## WHAT YOU SHOULD DO
Give back the exact lines of the material below from the one containing "Shashwat Goenka-Vice Chairman" through the one containing "Hotel Trp Bliss Nizamabad Eksteriør billede", and no pictures.

## RECORDS SHOWN
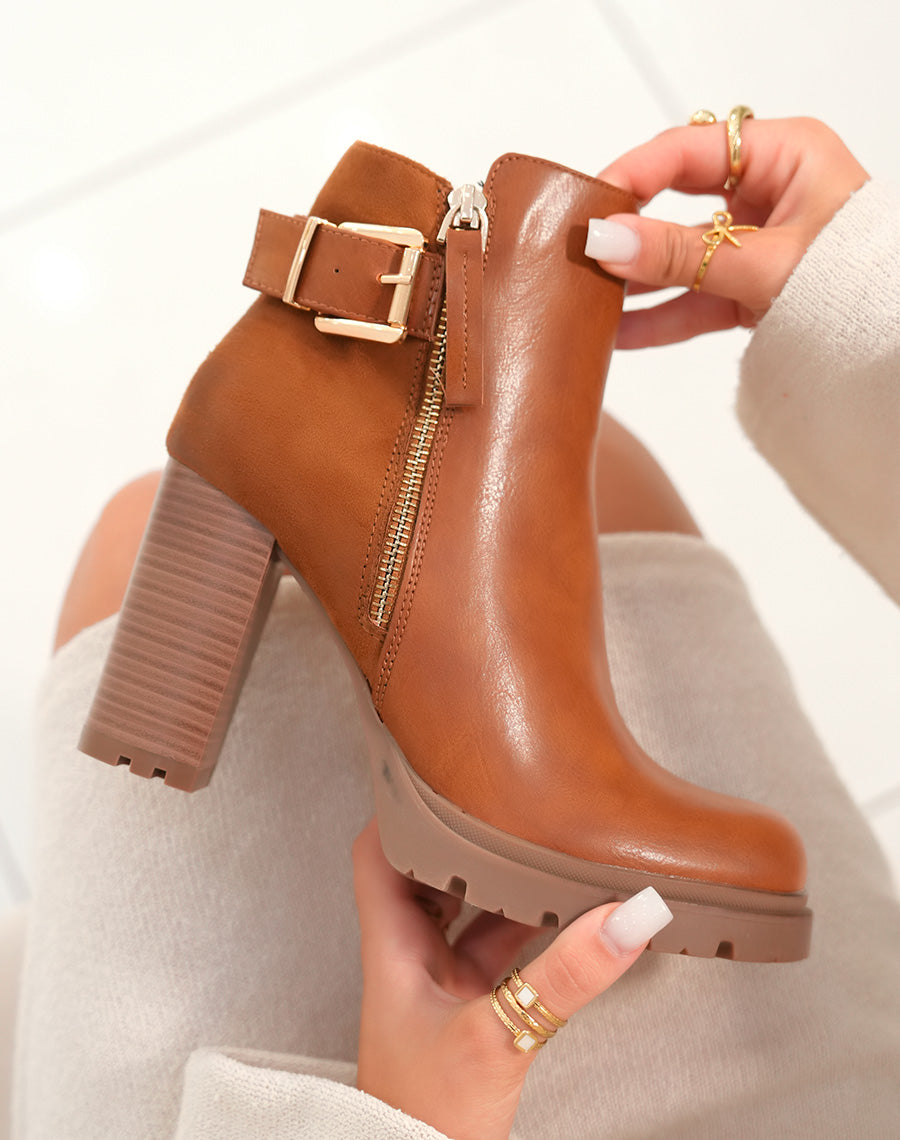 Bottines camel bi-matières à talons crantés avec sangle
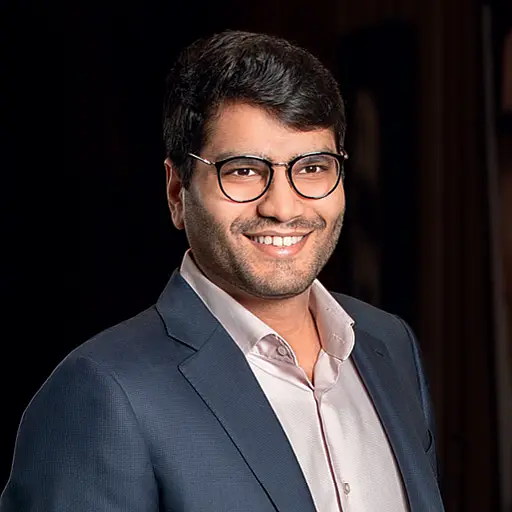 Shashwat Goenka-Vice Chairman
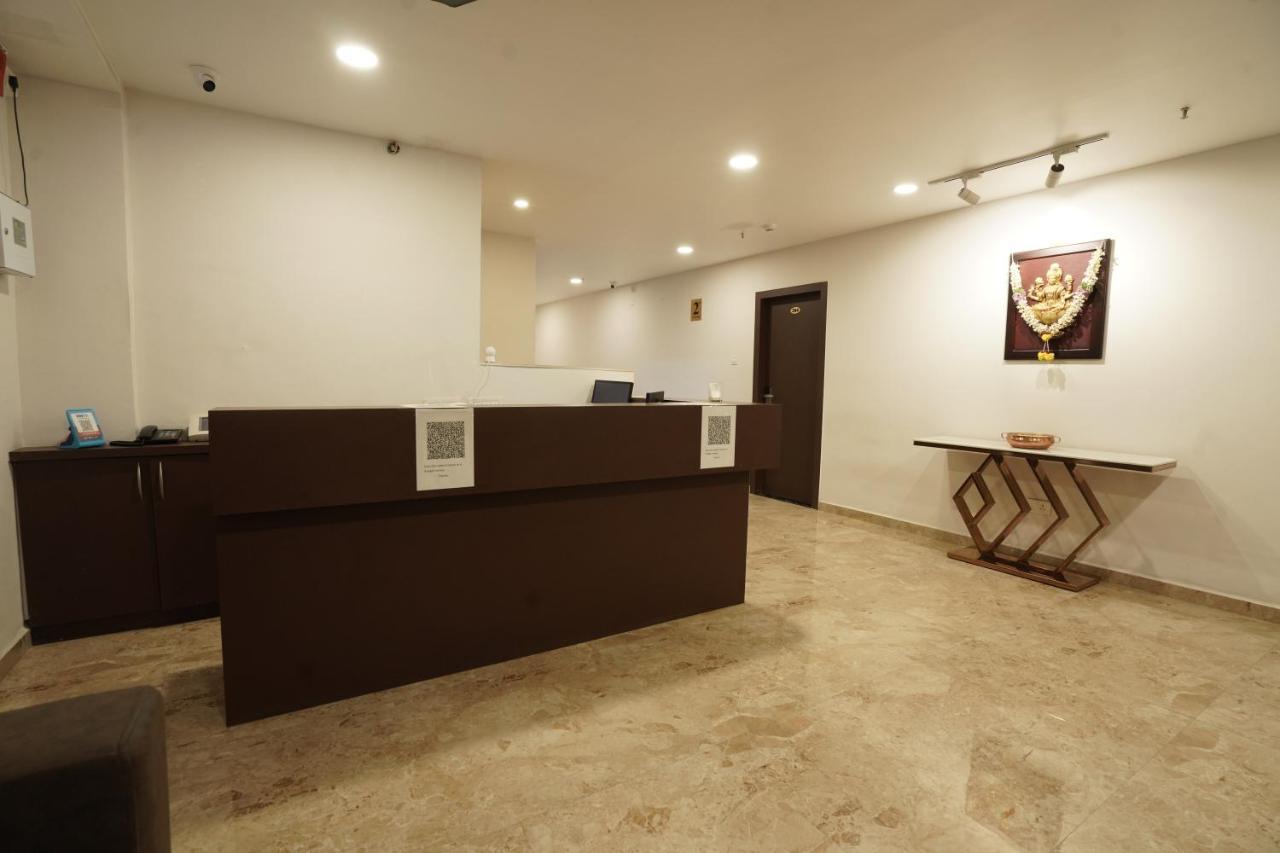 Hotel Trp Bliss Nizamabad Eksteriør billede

...

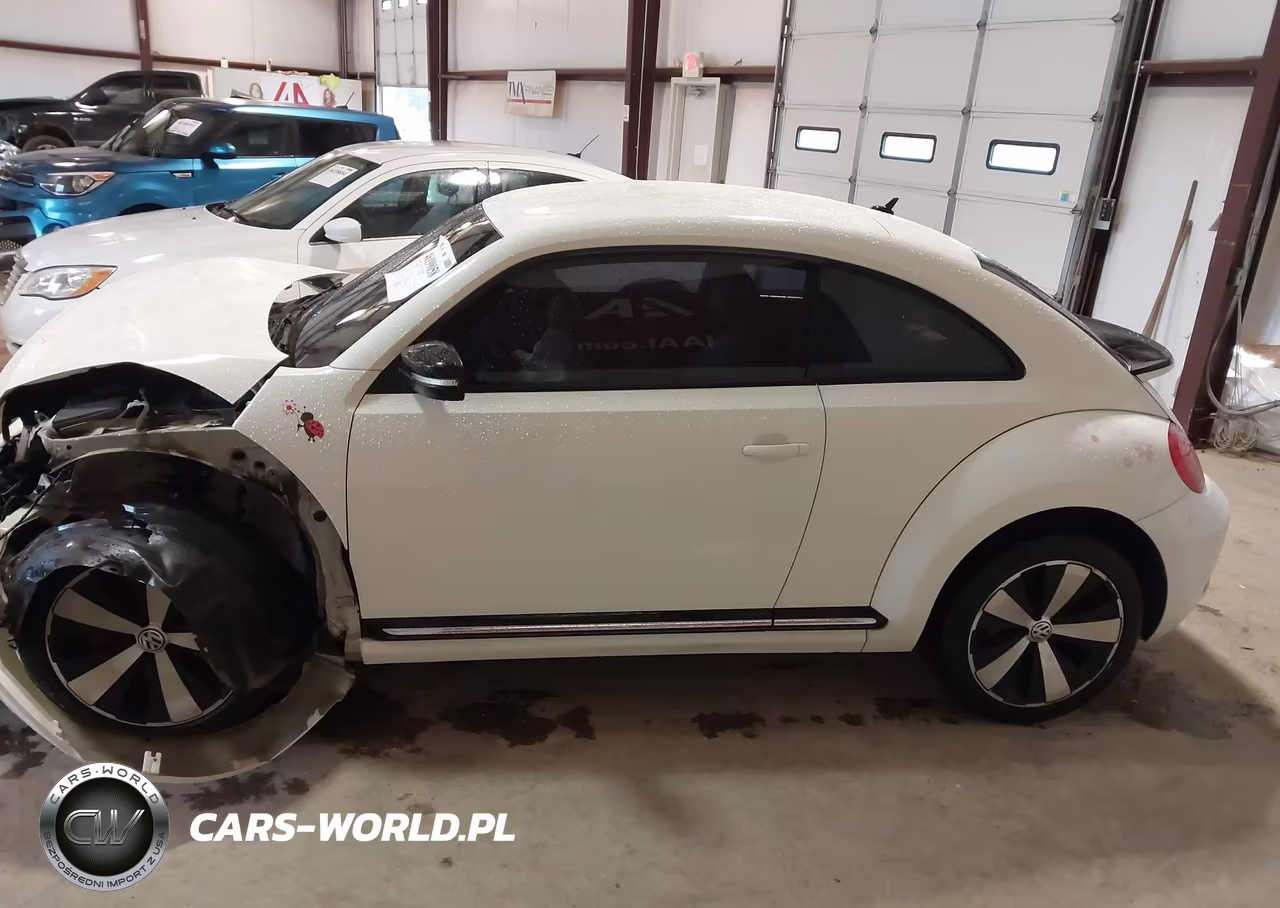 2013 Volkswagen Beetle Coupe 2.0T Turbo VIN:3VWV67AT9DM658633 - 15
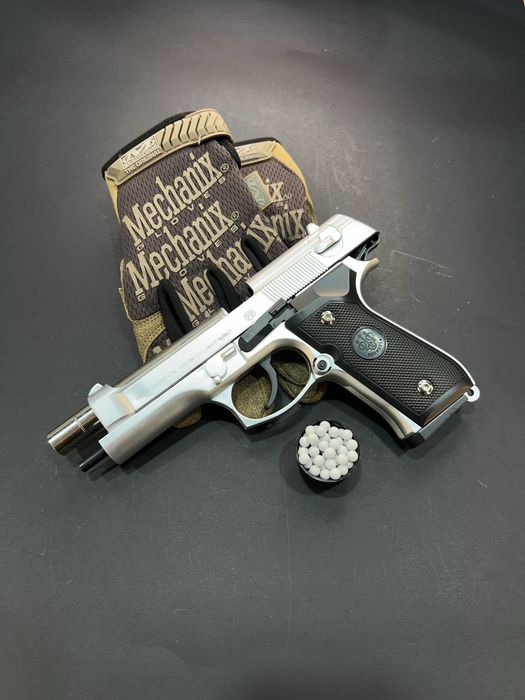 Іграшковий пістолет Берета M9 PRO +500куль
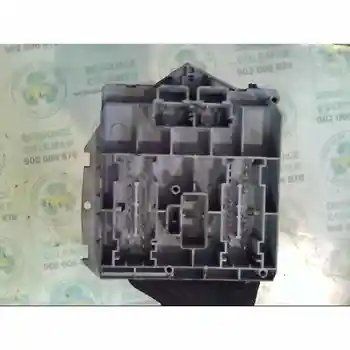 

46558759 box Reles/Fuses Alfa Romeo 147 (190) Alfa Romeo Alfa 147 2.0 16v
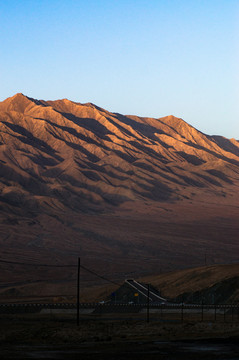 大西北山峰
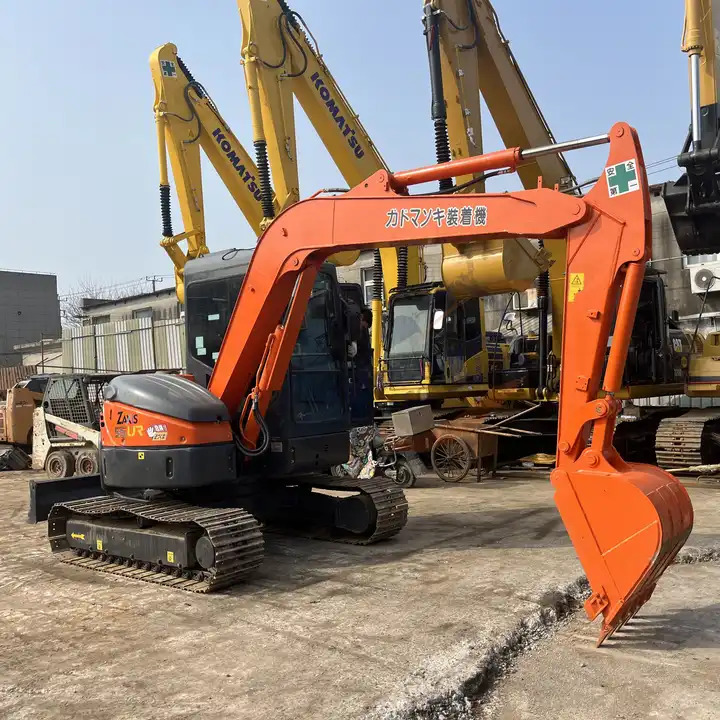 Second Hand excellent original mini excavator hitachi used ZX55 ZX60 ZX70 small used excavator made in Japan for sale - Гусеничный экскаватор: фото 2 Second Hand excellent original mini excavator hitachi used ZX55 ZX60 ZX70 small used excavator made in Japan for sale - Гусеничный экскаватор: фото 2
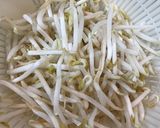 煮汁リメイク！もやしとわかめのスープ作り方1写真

## EXERCISE RESPONSE
 Shashwat Goenka-Vice Chairman
 Hotel Trp Bliss Nizamabad Eksteriør billede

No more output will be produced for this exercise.